The secretary-general, who has maintained a working relationship with the United States often strained by differences of opinion on how best to deal with Iraqi president Saddam Hussein, gave his remarks in accepting the Institute for the Study of Diplomacy’s Jit Trainor Award. The award is given by the Georgetown program to an individual who has demonstrated “distinction the conduct of diplomacy.”

Annan delineated his vision of the U.N.’s role in stemming conflict around the world and needled the United States about its failure to pay its back dues to that body, now estimated at about $1 billion.

Donald F. McHenry, a former U.S. ambassador to the United Nations who now teaches undergraduate and graduate classes at Georgetown, called the United States a “deadbeat” nation in his statement introducing Annan. The secretary-general took the podium and responded, “Just remember, you used the word, not me. Deadbeat.”

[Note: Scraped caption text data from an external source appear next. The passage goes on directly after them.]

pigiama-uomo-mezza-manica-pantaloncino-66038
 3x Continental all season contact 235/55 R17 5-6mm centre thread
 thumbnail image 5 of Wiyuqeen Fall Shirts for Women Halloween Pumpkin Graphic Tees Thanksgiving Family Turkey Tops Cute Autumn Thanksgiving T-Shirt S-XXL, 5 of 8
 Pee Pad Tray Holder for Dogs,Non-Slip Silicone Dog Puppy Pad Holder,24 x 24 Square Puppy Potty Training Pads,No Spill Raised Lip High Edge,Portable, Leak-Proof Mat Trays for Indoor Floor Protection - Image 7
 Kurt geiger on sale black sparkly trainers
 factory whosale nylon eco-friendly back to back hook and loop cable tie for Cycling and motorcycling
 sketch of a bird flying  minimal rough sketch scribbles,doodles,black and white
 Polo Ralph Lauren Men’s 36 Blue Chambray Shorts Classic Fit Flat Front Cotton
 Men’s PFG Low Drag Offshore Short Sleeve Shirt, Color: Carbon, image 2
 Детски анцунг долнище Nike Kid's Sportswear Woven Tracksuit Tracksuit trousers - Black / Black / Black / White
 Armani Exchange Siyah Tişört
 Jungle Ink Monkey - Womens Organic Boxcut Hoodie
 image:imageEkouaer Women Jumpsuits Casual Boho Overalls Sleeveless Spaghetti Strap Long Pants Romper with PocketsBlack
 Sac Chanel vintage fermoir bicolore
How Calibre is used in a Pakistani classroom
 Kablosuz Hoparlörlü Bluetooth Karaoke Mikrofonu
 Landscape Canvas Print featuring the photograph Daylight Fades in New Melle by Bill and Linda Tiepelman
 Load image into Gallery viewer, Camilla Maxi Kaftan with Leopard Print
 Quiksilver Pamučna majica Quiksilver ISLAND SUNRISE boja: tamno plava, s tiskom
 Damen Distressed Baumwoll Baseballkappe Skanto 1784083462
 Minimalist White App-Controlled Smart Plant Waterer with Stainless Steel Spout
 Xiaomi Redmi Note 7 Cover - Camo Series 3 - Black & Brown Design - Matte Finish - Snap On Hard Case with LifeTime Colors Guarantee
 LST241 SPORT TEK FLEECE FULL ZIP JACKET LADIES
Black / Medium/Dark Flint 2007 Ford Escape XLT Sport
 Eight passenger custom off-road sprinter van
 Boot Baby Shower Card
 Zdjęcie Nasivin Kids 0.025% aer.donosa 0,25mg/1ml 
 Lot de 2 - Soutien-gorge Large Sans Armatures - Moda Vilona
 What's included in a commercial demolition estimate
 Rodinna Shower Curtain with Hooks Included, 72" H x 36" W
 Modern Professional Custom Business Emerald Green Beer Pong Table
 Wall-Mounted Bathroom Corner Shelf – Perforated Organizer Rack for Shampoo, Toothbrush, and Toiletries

The soft-spoken Annan, an M.I.T. graduate who is a veteran of over three decades at the United Nations and the first secretary-general to be drawn from the ranks of the international civil service, then launched into an impassioned and detailed defense of international peacekeeping in general, and U.N. peacekeeping in particular.

The capacity crowd in ICC Auditorium enthusiastically applauded throughout his speech, and gave him several standing ovations. But his remarks seemed directed to an audience outside the Auditorium and ten minutes down Pennsylvania Avenue.

Annan said that he would always be “haunted” by the U.N.’s failure to halt the genocide in Rwanda in the mid-1990s that ultimately claimed over a million lives and created a tide of refugees that flooded and destabilized surrounding nations. Annan said he now believes that the peacekeeping force was withdrawn “at the very moment it should have been reinforced.”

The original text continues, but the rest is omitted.